### [Required action]
The full listing, exactly as written and with no images, is the expected output.

### [Dataset section]
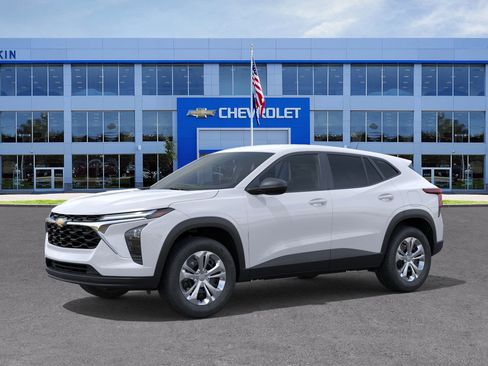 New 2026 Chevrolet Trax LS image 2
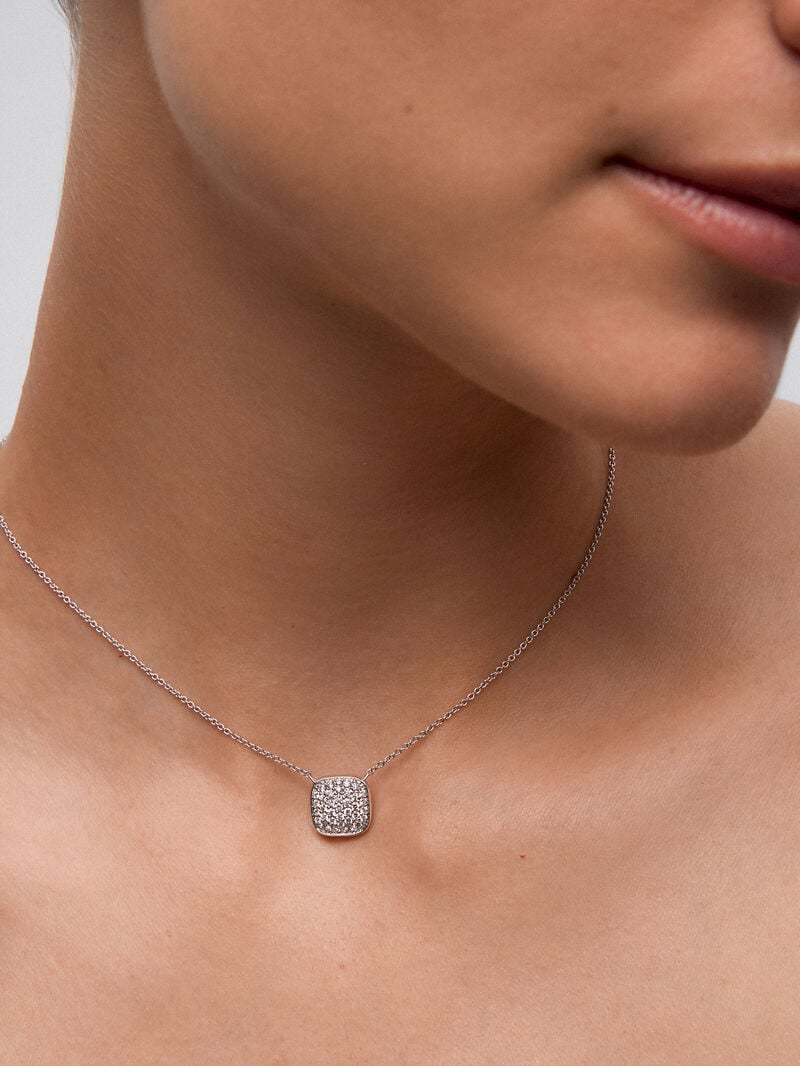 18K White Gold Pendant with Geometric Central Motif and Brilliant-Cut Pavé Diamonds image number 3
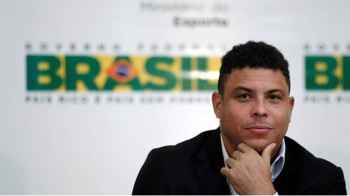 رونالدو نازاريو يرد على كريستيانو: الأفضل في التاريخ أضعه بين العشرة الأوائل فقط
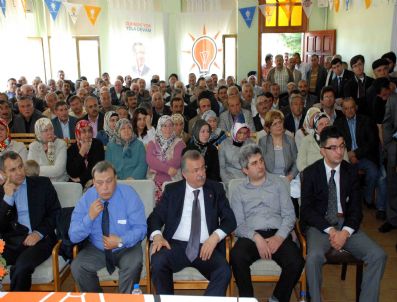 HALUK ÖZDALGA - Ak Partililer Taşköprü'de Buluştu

### [Answer to the exercise]
 New 2026 Chevrolet Trax LS image 2
 18K White Gold Pendant with Geometric Central Motif and Brilliant-Cut Pavé Diamonds image number 3
 رونالدو نازاريو يرد على كريستيانو: الأفضل في التاريخ أضعه بين العشرة الأوائل فقط
 HALUK ÖZDALGA - Ak Partililer Taşköprü'de Buluştu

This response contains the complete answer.